Keeping marketing human means your core story is never about you, your technology, or your products and services. As Tony Hsieh, CEO of Zappos, states, you must think bigger than what you do. In the case of Zappos, Hsieh knows the shoes his company sells are incidental. Hsieh maintains that Zappos delivers “happiness.” That’s a tall order; and yet, by any standard, Zappos has one of the best customer service records around. *That’s* credibility.

At a conference I spoke at in September, I met one of the heads of Zappos’ customer service department from Henderson, Nevada. A warm, funny, and customer-service oriented character herself, Vanessa told me all about Zappos’ most famous customer service call – it lasted 8 hours (with a few breaks in between). Now *that* is commitment and something more meaningful than delivering shoes.

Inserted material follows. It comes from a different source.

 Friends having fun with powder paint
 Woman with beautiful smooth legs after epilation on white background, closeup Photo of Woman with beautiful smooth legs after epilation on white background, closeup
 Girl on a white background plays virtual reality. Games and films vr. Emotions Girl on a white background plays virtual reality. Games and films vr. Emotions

So where do you start honing your core story? Start by understanding what your offerings are really about – it’s never about the products themselves. What do your products help people do? What human need is served? That is the most important question your story must answer.

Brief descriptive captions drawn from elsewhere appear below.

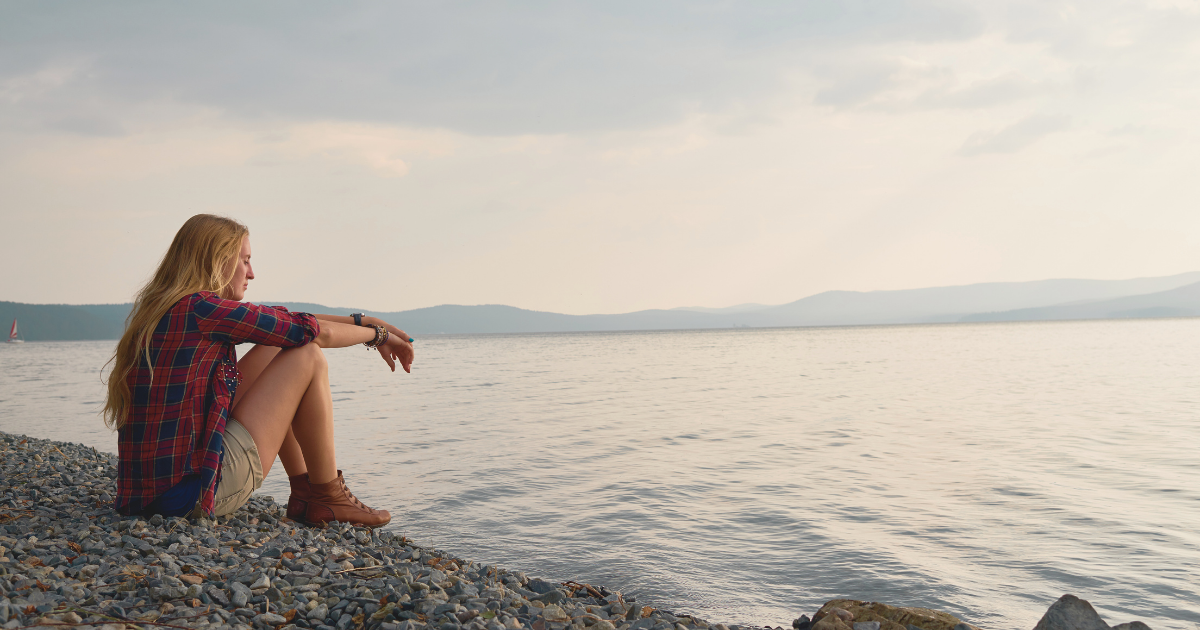 a young blonde woman sitting on the edge of a calm lake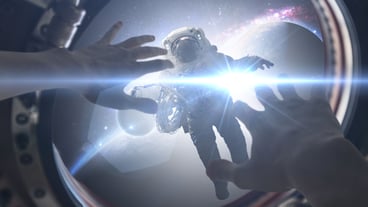First person view of person cover from light in the window onpacecraft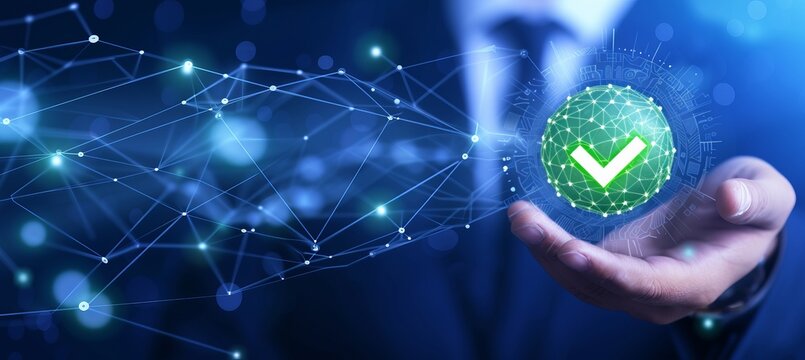 Businessman holding digital hologram of green compliance tick symbol for certification and audit
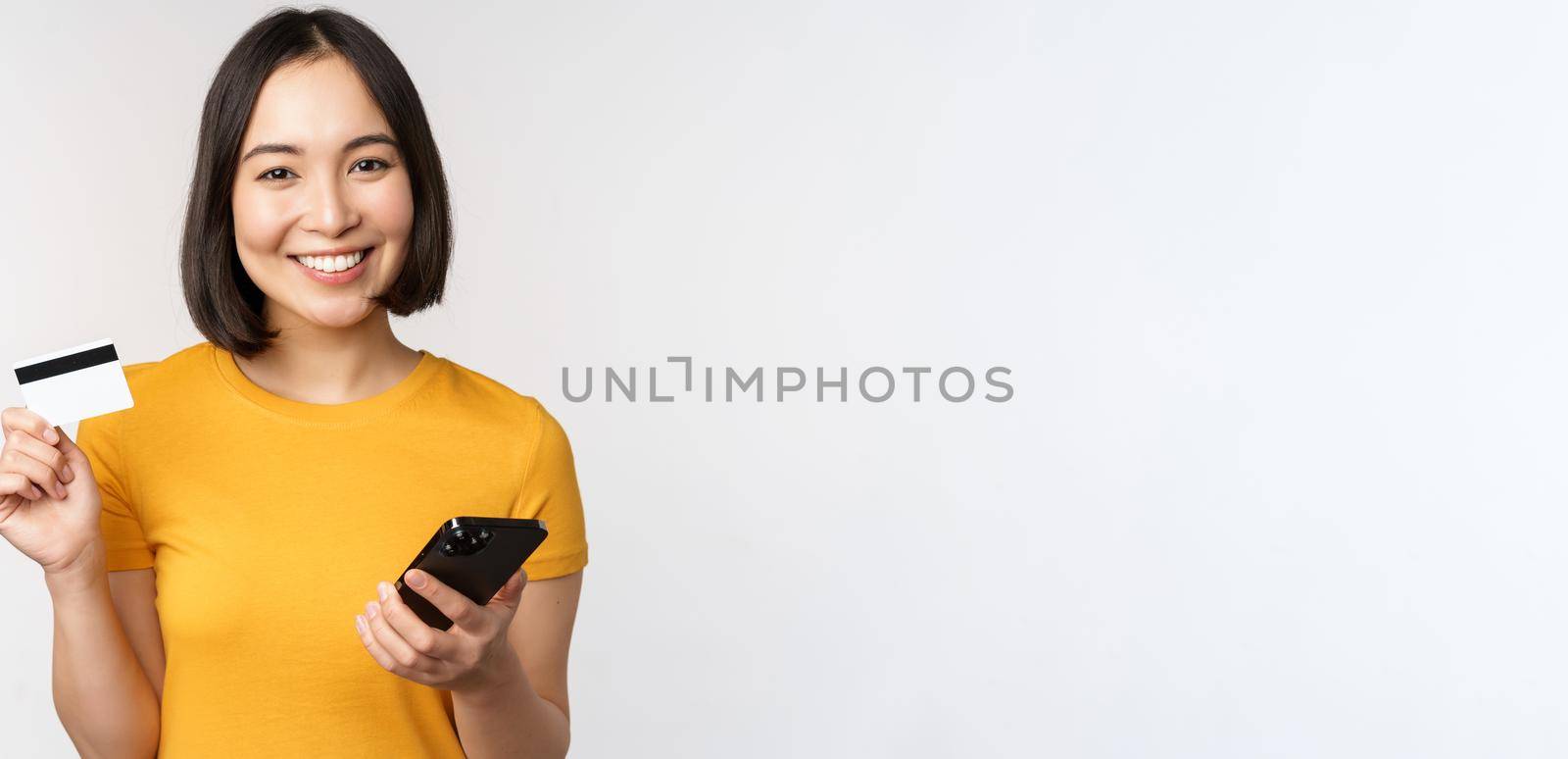 Beautiful smiling asian girl using credit card and mobile phone, paying online on smartphone, standing in yellow tshirt over white background.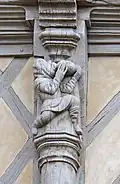 Photographie d'une sculpture sur bois, un homme buvant à même une outre.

Deconstructing a recent example and re-creating it with a more human slant will illustrate the point. I met a company fairly recently in the biotech space that puts together conferences. All of its messaging focused on conferences. It turns out the conference business wasn’t doing that well because people aren’t necessarily excited about getting marketing messages to come to a conference. Big shock! I pressed the CEO a little further, and discovered that at some of these conferences, a number of start-ups were funded because they met the right investors.

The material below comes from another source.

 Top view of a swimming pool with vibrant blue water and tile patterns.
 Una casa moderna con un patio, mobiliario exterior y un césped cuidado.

A-ha! The human need isn’t for your conference. What attendees really care about is the chance to get their stories told and attract potential investor funding. The company wasn’t in the conference business; it was in the investor facilitation business. *That* is what attendees care about. This company needs to tell the success stories of start-ups that have been funded at their conferences. Through this lens, its own story of being a funding facilitator is credibly strengthened.

A conference company has lots of competition; a company that facilitates funding so dreams come true has a differentiated message in a crowded market. How much more compelling is it, then, to receive an invite to tell your story to investors who could bring your company to life, versus receiving an invite to yet one more conference?! It’s the difference between pushing products and communicating a higher human purpose that pulls in the right target audience.

When you know your value and how it aligns with the most human needs of your audience, you understand how to tell this story across everything you do. Keep peeling back your messaging until you “hit” on the most urgent human challenge of your audience. It’s not your products and services. Consequently, your marketing messaging shouldn’t focus on them. Instead, tell the urgent story of customer need, and how you serve that need.

So how are you keeping your core story human? Let me know!